§ The problem
The required result is an exact copy of the lines from the one containing "Living Room,Apartment 0810519621643544" to the last line of the records, both ends included, without pictures.
==============================
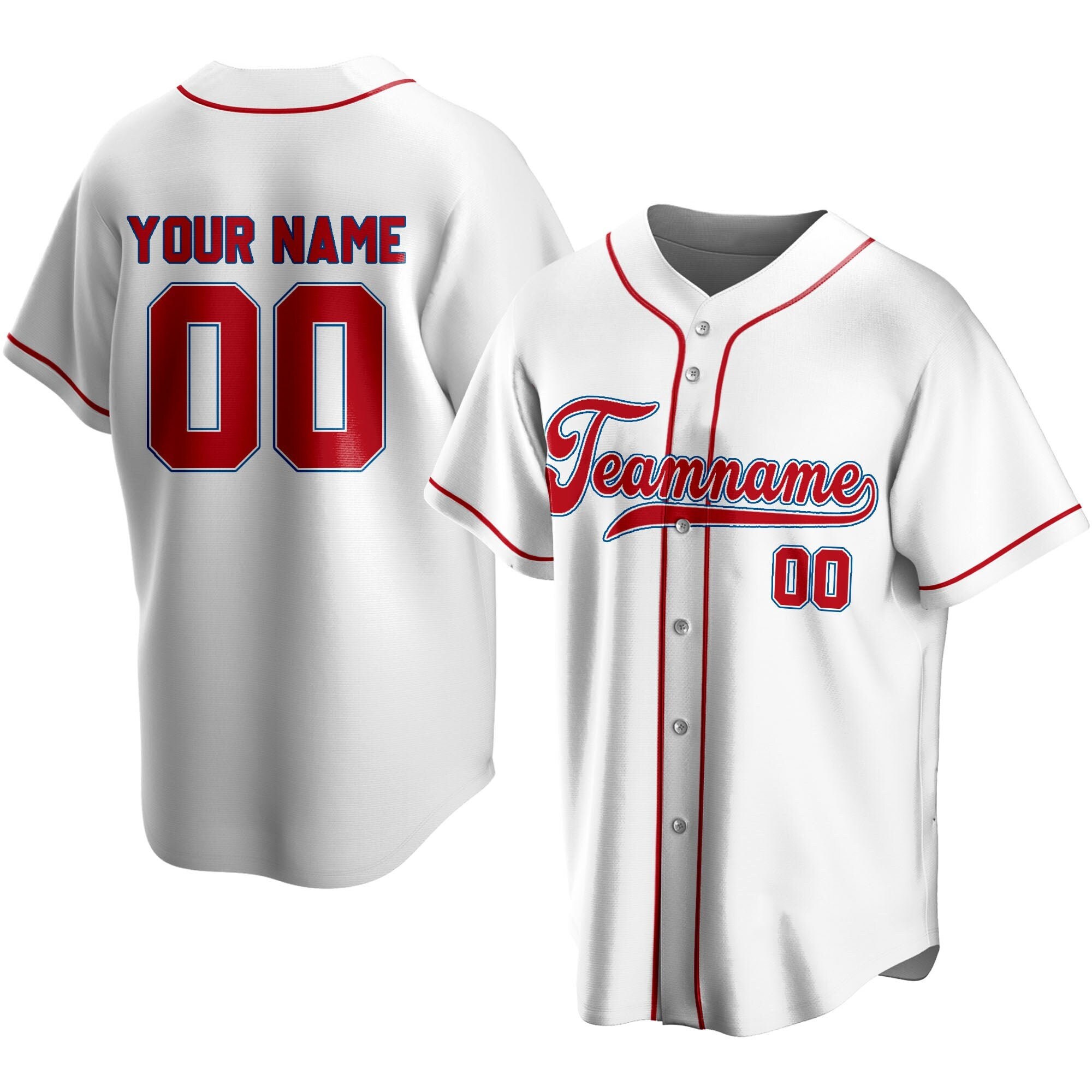 Custom Jersey Los Angeles White Red Blue Los Angeles Dodger 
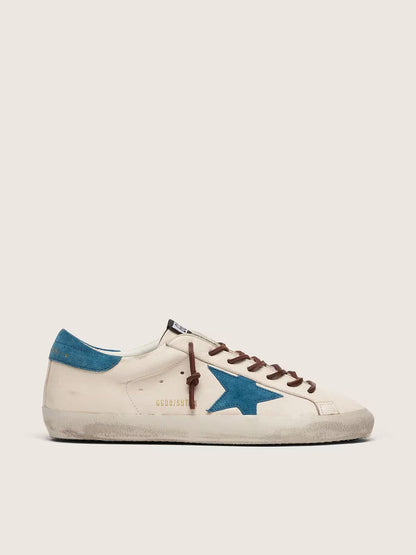 Golden Goose Super-Star white leather sneakers with a turquoise suede star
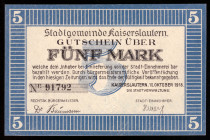 Germany Kaiserslautern 5 Mark 1918
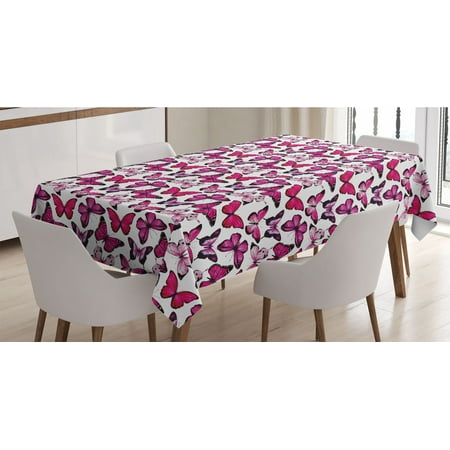 

Pink and White Tablecloth Summer Nature Theme with Watercolor Style Butterflies Pink Wings Rectangle Satin Table Cover for Dining Room and Kitchen 60 X 84 Magenta and Hot Pink by Ambesonne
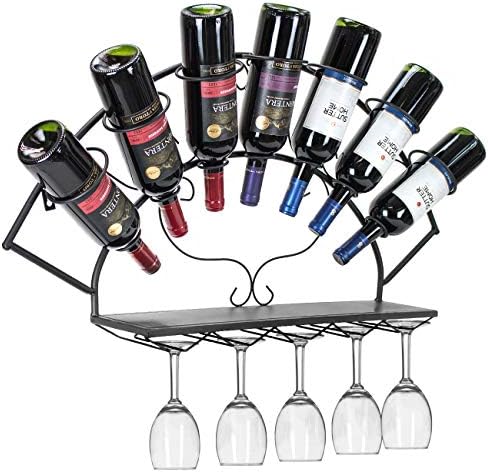 Sorbus Wall Mounted Wine Rack - Holds 7 Bottles and 5 Glasses - Black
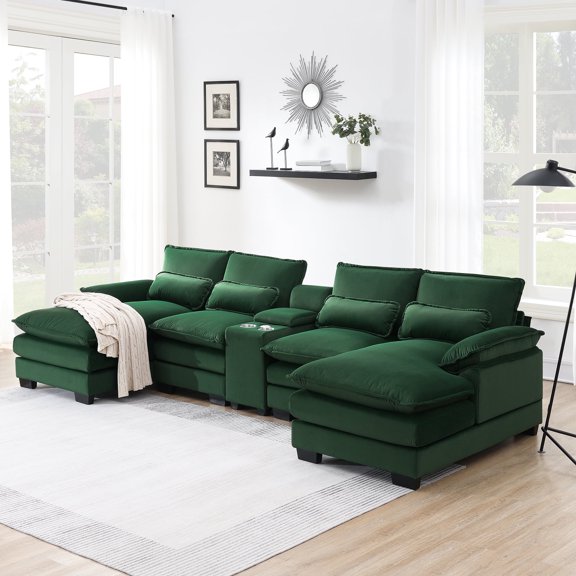 Newboti 123*55" Modern U-shaped Sofa with Console,Cupholders and USB Ports,6-seat Upholstered Symmetrical Indoor Furniture,Sleeper Couch Set with Chaise for Living Room,Apartment 0810519621643544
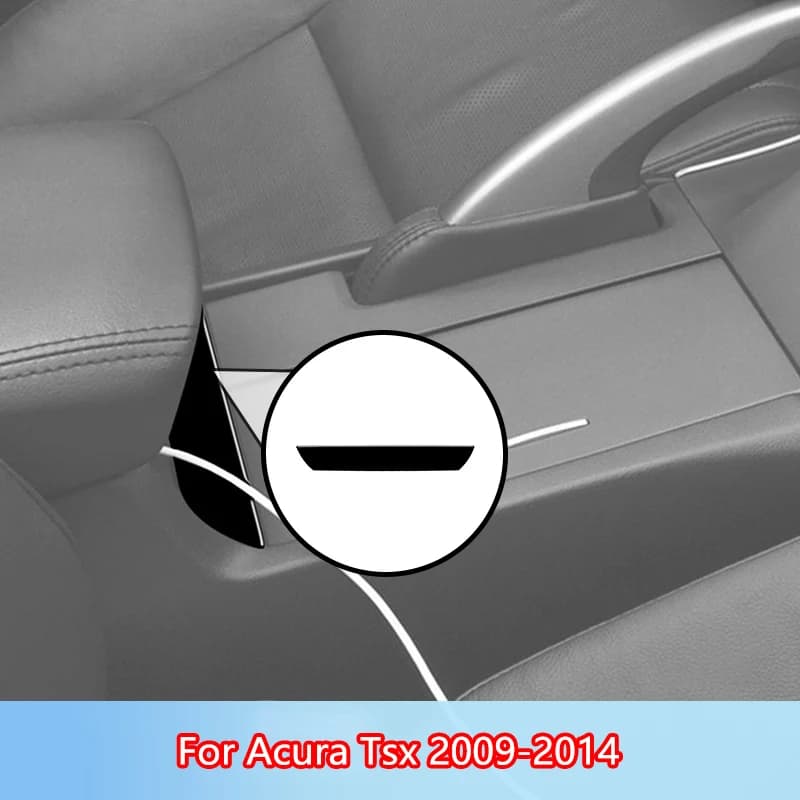 Underneath The Armrest Box Brand New ABS Gloss Black Stickers For Acura Tsx 2009 2010 2011 2012-2014 Car Interior Accessories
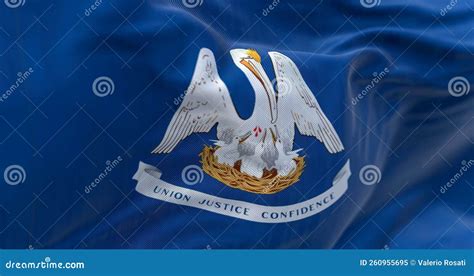 Close Up View Of The Louisiana State Flag Waving In The Wind Stock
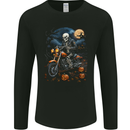 Skull Biker Motorcycle Motorbike Grim Reaper 27 Mens Long Sleeve T-Shirt Black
==============================
§ Written answer
 Newboti 123*55" Modern U-shaped Sofa with Console,Cupholders and USB Ports,6-seat Upholstered Symmetrical Indoor Furniture,Sleeper Couch Set with Chaise for Living Room,Apartment 0810519621643544
 Underneath The Armrest Box Brand New ABS Gloss Black Stickers For Acura Tsx 2009 2010 2011 2012-2014 Car Interior Accessories
 Close Up View Of The Louisiana State Flag Waving In The Wind Stock
 Skull Biker Motorcycle Motorbike Grim Reaper 27 Mens Long Sleeve T-Shirt Black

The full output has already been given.